Only the lines from the one containing "Chicken Burger" through the one containing "Ruffle Butts Pink" should be printed, exactly as they appear below, with both ends included.

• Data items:

•••••

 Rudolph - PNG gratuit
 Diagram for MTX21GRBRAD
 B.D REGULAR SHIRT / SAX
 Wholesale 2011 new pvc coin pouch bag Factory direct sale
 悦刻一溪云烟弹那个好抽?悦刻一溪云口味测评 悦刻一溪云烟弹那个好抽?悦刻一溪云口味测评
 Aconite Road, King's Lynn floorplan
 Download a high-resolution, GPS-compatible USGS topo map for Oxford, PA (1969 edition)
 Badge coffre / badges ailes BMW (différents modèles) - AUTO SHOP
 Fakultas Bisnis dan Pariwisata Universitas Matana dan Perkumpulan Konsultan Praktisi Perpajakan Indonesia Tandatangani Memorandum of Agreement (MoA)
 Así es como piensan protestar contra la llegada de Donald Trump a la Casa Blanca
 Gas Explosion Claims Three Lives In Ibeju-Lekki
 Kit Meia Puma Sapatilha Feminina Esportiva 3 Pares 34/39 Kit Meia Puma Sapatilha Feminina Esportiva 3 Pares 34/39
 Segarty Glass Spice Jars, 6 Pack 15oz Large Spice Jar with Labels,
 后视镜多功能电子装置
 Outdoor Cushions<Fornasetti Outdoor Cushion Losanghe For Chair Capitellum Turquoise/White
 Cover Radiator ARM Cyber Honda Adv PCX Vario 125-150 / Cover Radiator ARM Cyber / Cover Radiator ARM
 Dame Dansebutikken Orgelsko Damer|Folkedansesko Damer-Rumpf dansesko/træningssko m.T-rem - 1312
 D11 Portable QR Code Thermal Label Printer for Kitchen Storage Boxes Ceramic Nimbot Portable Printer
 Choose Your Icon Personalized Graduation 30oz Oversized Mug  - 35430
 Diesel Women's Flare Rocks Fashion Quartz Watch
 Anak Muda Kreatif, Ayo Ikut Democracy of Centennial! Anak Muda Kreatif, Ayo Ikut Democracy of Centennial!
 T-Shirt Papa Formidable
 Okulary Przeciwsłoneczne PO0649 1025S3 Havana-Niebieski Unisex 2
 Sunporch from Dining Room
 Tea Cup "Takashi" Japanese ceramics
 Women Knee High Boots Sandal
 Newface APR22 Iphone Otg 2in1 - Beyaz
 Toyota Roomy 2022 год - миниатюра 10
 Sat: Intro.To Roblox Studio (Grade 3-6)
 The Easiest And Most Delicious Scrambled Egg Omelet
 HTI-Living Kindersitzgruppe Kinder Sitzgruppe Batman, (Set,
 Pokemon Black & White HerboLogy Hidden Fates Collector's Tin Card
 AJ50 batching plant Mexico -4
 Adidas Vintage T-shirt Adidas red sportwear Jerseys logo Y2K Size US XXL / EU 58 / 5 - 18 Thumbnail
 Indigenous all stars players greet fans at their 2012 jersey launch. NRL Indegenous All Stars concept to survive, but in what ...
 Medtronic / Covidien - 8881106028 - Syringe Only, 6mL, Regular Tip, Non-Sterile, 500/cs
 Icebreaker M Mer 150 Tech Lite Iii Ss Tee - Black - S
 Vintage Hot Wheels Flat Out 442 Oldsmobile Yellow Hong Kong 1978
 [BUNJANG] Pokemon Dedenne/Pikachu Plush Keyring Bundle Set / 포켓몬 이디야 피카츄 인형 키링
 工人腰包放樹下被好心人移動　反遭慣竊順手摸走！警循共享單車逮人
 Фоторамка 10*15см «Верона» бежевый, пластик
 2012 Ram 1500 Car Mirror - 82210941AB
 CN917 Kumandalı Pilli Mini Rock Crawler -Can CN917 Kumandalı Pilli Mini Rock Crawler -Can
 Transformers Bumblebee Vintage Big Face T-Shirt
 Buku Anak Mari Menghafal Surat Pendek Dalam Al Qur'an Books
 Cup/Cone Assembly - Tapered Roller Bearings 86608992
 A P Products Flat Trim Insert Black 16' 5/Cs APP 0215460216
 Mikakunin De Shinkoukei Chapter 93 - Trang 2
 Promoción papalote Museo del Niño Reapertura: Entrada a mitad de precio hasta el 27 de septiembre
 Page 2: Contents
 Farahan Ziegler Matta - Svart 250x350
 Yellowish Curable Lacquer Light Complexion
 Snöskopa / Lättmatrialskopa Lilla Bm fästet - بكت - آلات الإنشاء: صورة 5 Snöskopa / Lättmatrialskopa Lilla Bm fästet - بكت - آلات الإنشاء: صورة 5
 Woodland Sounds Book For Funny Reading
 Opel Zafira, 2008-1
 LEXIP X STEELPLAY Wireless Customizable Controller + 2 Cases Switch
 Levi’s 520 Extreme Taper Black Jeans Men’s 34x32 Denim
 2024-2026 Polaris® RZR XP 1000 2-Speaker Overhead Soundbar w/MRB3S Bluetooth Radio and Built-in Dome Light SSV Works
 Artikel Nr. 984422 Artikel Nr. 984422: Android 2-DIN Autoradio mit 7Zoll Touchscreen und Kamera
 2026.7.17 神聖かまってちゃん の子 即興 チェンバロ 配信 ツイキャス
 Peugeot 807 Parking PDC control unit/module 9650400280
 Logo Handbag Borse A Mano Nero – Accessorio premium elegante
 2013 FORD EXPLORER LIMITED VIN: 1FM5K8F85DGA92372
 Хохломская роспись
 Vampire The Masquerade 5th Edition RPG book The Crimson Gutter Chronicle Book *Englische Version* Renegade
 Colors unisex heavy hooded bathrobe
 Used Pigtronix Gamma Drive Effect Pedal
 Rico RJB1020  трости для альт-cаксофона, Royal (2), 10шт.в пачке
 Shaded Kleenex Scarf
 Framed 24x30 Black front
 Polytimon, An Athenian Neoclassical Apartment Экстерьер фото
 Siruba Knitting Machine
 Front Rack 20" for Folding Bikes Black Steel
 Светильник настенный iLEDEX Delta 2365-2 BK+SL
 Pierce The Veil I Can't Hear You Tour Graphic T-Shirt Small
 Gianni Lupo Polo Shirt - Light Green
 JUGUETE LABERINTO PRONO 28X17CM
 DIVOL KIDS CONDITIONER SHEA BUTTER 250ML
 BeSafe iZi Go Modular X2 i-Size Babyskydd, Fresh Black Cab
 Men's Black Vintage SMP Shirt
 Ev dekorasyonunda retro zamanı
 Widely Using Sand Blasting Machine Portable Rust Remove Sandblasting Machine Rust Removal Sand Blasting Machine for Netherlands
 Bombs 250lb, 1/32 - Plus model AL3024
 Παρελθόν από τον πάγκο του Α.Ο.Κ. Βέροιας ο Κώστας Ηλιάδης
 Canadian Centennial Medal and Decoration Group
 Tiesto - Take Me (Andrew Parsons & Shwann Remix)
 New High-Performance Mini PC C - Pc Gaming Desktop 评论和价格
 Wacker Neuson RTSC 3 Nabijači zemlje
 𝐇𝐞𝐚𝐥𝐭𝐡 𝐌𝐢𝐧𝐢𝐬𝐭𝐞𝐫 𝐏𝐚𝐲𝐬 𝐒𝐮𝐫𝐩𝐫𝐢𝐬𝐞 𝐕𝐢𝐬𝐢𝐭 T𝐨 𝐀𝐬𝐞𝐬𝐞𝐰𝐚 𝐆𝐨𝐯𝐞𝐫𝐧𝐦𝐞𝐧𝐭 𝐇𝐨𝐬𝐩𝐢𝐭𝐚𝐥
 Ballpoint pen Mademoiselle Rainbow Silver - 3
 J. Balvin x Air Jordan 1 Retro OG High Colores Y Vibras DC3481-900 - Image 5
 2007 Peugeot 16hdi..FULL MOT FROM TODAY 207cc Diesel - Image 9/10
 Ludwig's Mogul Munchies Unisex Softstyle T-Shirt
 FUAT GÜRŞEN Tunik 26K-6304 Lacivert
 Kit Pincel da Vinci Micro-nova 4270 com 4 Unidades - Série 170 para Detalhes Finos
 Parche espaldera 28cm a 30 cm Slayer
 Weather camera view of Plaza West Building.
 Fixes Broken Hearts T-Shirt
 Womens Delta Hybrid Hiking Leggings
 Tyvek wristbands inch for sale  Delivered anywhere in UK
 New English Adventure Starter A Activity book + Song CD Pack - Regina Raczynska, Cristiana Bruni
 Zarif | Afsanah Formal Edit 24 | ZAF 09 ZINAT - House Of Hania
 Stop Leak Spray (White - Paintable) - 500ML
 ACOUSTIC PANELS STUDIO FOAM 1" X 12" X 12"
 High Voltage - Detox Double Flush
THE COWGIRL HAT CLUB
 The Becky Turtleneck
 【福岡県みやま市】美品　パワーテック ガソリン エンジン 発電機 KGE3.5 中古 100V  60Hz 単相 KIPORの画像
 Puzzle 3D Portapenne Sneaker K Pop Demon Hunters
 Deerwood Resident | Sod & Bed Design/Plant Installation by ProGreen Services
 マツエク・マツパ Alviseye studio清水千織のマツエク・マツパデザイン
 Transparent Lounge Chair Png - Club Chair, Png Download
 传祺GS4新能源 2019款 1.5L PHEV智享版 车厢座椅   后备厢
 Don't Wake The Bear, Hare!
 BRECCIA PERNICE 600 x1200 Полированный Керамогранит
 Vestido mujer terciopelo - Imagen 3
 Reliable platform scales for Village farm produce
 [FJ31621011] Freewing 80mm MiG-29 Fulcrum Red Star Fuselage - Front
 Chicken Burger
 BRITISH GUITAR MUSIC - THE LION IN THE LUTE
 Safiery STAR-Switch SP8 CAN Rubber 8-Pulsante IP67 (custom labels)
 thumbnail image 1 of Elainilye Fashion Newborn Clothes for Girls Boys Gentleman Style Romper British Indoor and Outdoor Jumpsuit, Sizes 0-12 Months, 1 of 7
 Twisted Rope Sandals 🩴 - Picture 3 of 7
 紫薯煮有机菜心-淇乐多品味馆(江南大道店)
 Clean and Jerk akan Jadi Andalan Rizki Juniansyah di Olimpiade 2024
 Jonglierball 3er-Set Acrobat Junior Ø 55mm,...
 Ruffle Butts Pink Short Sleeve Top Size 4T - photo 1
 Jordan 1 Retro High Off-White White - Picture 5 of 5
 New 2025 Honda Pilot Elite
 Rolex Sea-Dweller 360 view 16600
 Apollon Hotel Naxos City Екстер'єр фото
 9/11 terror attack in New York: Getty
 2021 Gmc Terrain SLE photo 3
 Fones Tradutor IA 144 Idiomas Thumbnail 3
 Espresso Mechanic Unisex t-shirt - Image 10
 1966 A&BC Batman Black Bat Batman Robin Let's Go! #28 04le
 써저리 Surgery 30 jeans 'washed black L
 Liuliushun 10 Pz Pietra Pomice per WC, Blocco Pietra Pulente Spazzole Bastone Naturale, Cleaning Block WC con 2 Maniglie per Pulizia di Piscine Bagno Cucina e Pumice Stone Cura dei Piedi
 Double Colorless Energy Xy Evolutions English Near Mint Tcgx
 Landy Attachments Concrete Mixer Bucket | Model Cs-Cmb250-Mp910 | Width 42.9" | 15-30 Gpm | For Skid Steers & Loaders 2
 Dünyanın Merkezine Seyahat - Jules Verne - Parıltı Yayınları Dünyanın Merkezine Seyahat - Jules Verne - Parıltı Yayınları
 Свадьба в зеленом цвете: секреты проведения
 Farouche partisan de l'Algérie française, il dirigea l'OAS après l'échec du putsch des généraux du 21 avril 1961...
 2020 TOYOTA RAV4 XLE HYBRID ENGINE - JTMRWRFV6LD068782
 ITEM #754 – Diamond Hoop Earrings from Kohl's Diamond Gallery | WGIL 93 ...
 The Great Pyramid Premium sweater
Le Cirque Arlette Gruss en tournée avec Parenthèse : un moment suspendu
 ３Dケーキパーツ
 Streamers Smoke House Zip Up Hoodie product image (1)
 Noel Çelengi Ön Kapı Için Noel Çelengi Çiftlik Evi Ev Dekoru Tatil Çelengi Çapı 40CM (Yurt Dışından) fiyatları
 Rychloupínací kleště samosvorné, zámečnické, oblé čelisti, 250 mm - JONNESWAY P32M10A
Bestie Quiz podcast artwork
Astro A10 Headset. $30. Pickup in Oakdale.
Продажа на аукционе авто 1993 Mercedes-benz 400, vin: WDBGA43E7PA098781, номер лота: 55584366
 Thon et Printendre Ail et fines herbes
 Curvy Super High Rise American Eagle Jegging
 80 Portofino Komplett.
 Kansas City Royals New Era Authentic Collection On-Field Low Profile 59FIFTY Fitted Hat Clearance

•••••

• Result for this task:
 Chicken Burger
 BRITISH GUITAR MUSIC - THE LION IN THE LUTE
 Safiery STAR-Switch SP8 CAN Rubber 8-Pulsante IP67 (custom labels)
 thumbnail image 1 of Elainilye Fashion Newborn Clothes for Girls Boys Gentleman Style Romper British Indoor and Outdoor Jumpsuit, Sizes 0-12 Months, 1 of 7
 Twisted Rope Sandals 🩴 - Picture 3 of 7
 紫薯煮有机菜心-淇乐多品味馆(江南大道店)
 Clean and Jerk akan Jadi Andalan Rizki Juniansyah di Olimpiade 2024
 Jonglierball 3er-Set Acrobat Junior Ø 55mm,...
 Ruffle Butts Pink Short Sleeve Top Size 4T - photo 1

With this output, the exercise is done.